= Beginning of Section =
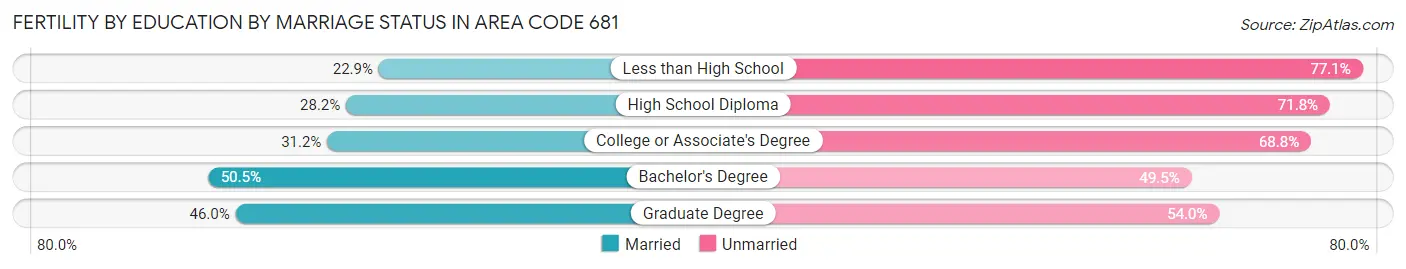 Female Fertility by Education by Marriage Status in Area Code 681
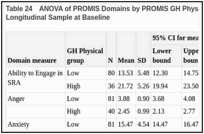 Table 24. ANOVA of PROMIS Domains by PROMIS GH Physical (Low vs High), Heart Failure Longitudinal Sample at Baseline.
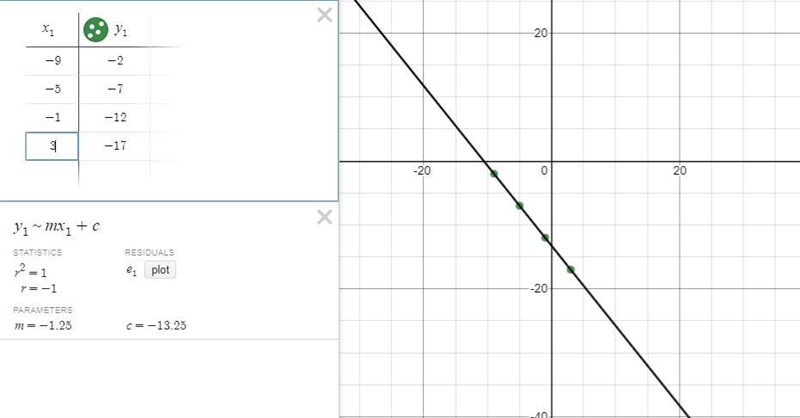 Is the relationship shown by the data linear if so model the data with an equation-example-1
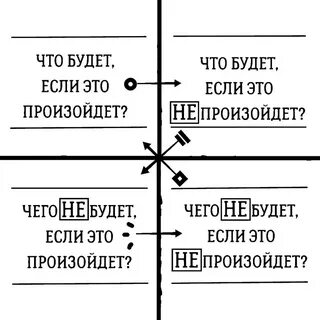 Число для принятия решения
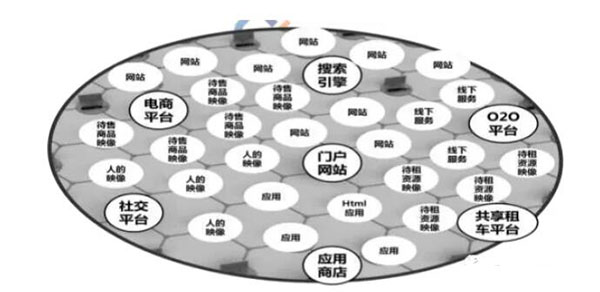 發外鏈還管用么？2020年還能用的外鏈策略 外鏈 SEO推廣 第4張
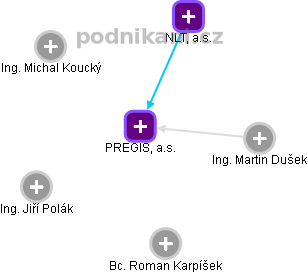 PREGIS, a.s. - obrázek vizuálního zobrazení vztahů obchodního rejstříku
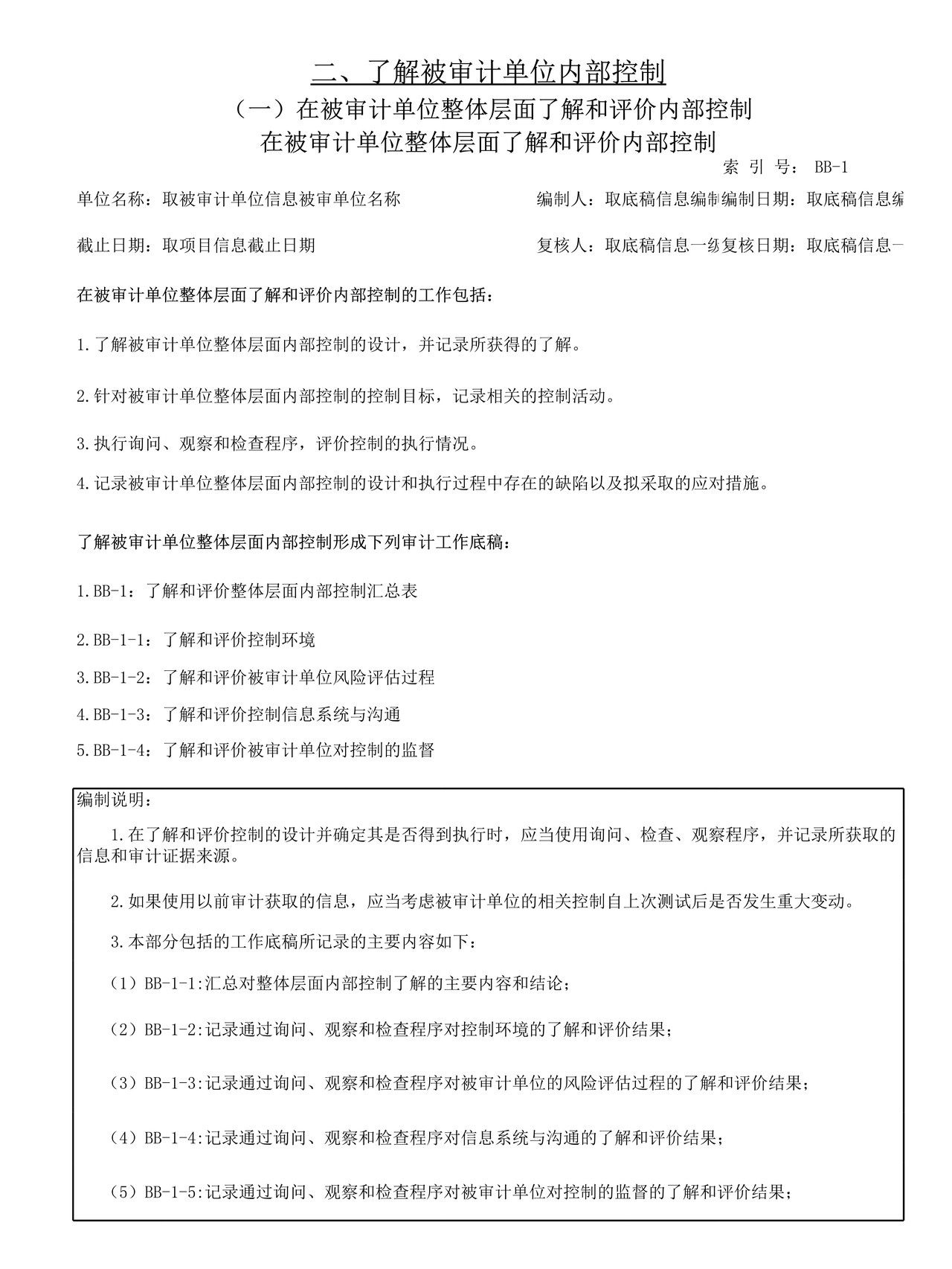 审计工作底稿模板—BB1-1在被审计单位整体层面了解和评价内部控制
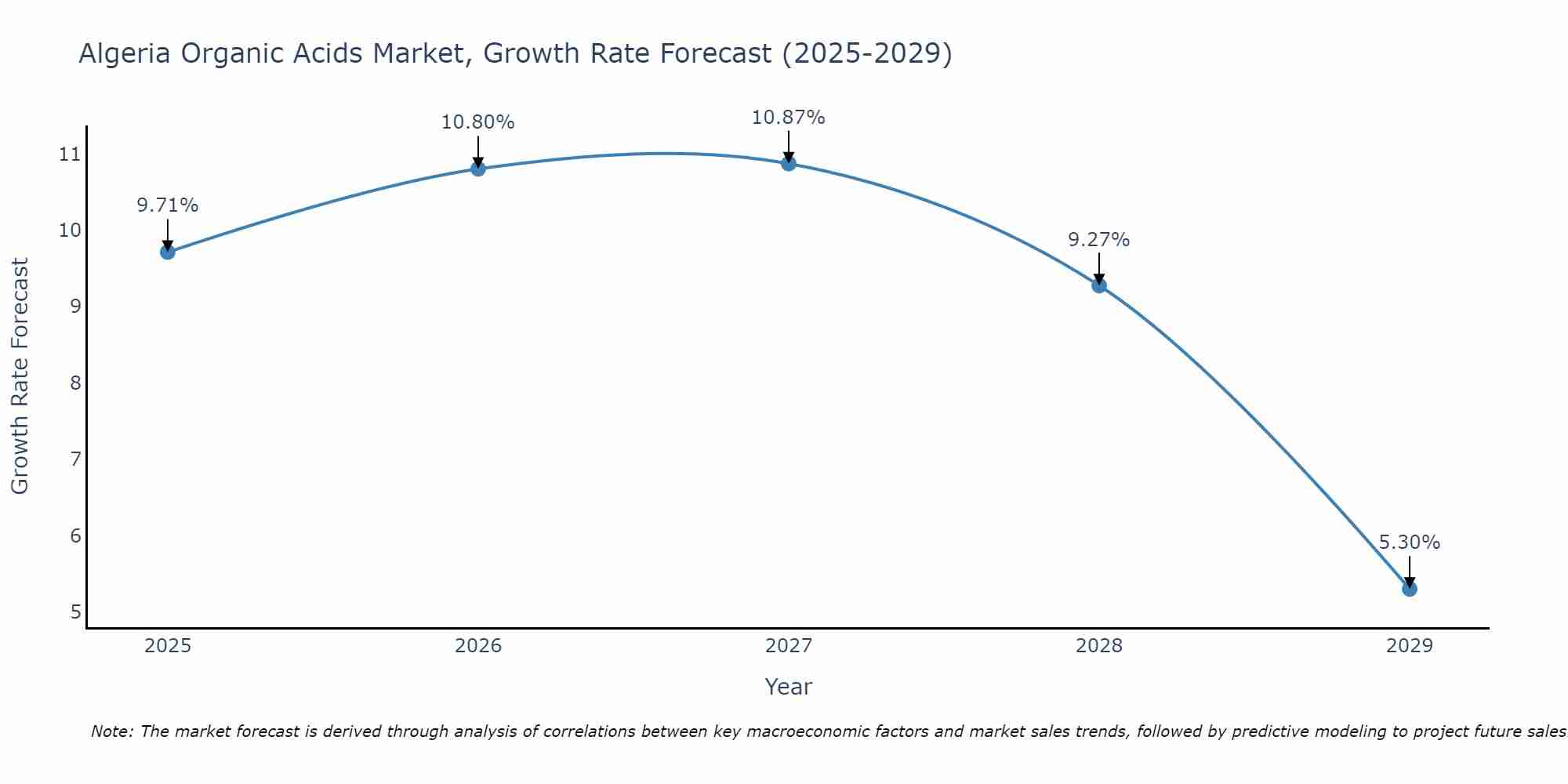 Algeria Organic Acids Market Growth Rate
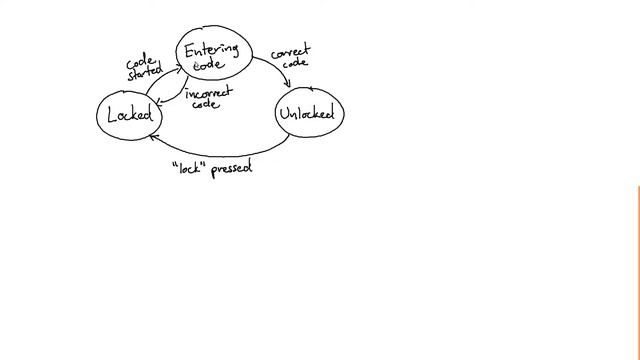 Introduction to finite state machines for digital logic смотреть онлайн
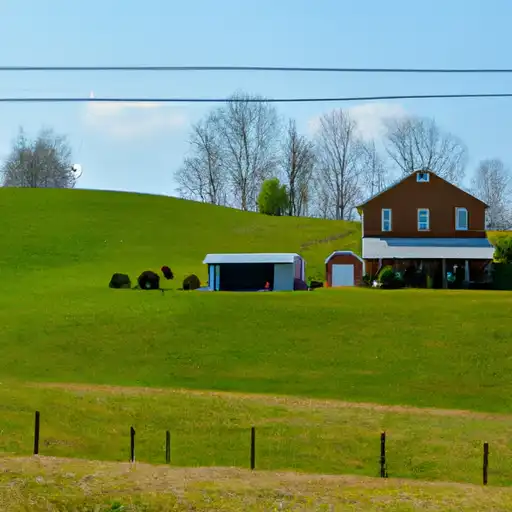 Rural homes in Nelson, Kentucky
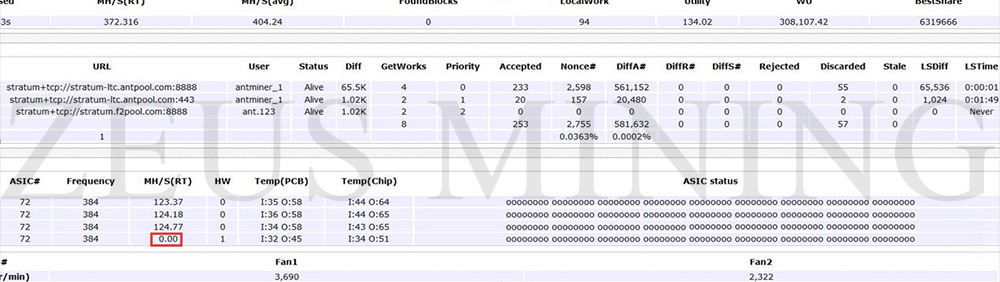 single board not display the hash rate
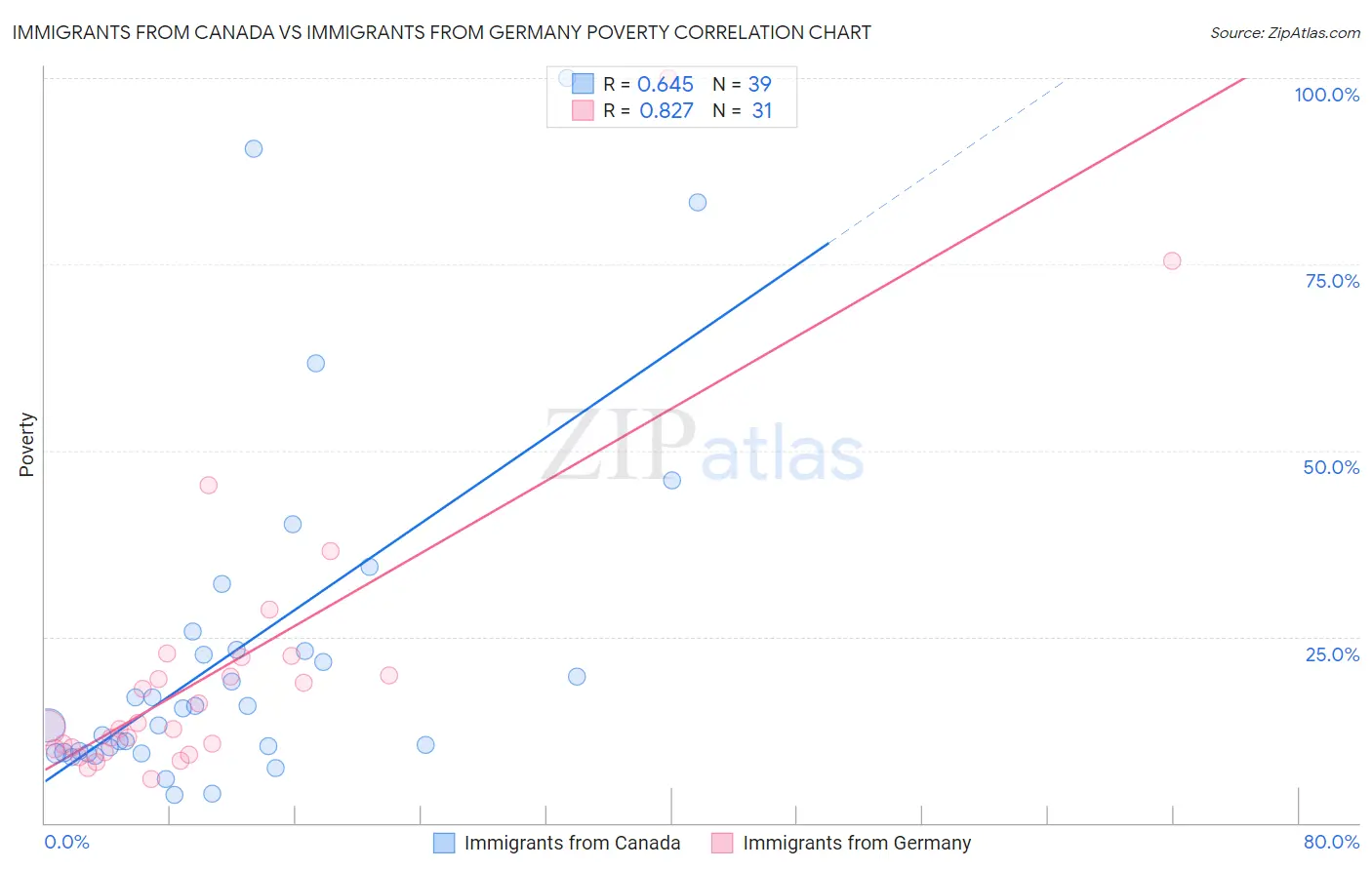 Immigrants from Canada vs Immigrants from Germany Poverty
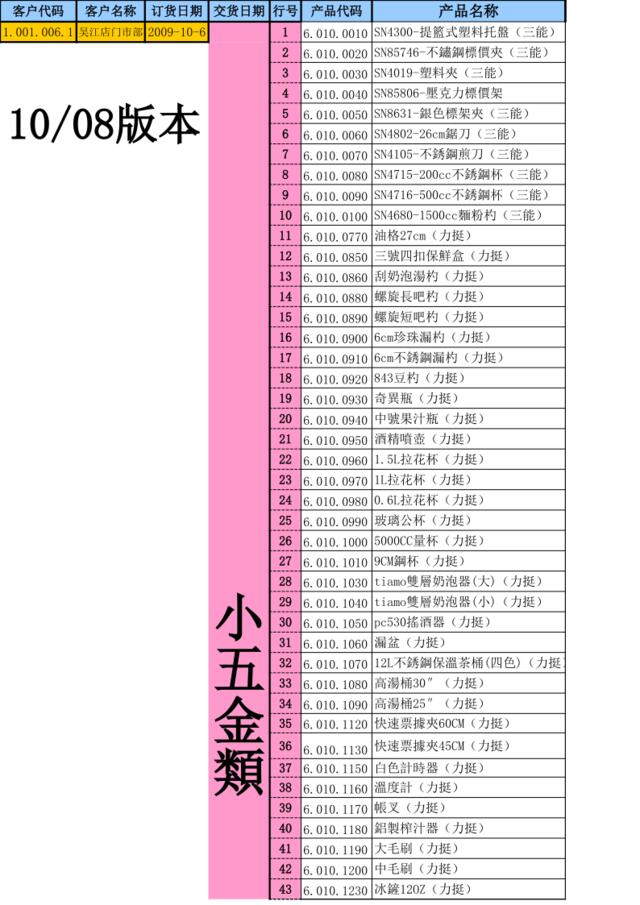 小五金清潔用品訂購單20091008版本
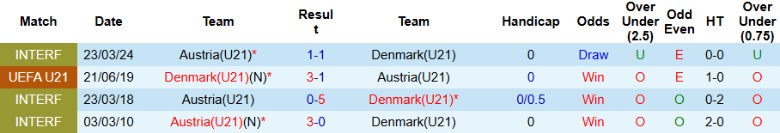 Nhận định, Soi kèo U21 Đan Mạch vs U21 Áo, 23h00 ngày 10/10: Xây chắc ngôi đầu - Ảnh 2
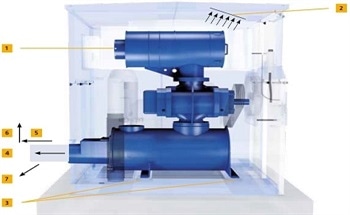 Effects of Machine Chamber Temperature Increase on Ventilation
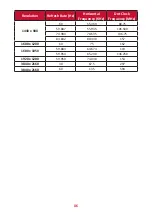 Предварительный просмотр 86 страницы ViewSonic VS18991 User Manual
= End of Section =
What is wanted is an exact copy of the lines from the line with "Число для принятия решения" through the end of the records, both ends included, pictures excluded.

 Число для принятия решения
 發外鏈還管用么？2020年還能用的外鏈策略 外鏈 SEO推廣 第4張
 PREGIS, a.s. - obrázek vizuálního zobrazení vztahů obchodního rejstříku
 审计工作底稿模板—BB1-1在被审计单位整体层面了解和评价内部控制
 Algeria Organic Acids Market Growth Rate
 Introduction to finite state machines for digital logic смотреть онлайн
 Rural homes in Nelson, Kentucky
 single board not display the hash rate
 Immigrants from Canada vs Immigrants from Germany Poverty
 小五金清潔用品訂購單20091008版本
 Nhận định, Soi kèo U21 Đan Mạch vs U21 Áo, 23h00 ngày 10/10: Xây chắc ngôi đầu - Ảnh 2
 Effects of Machine Chamber Temperature Increase on Ventilation
 Предварительный просмотр 86 страницы ViewSonic VS18991 User Manual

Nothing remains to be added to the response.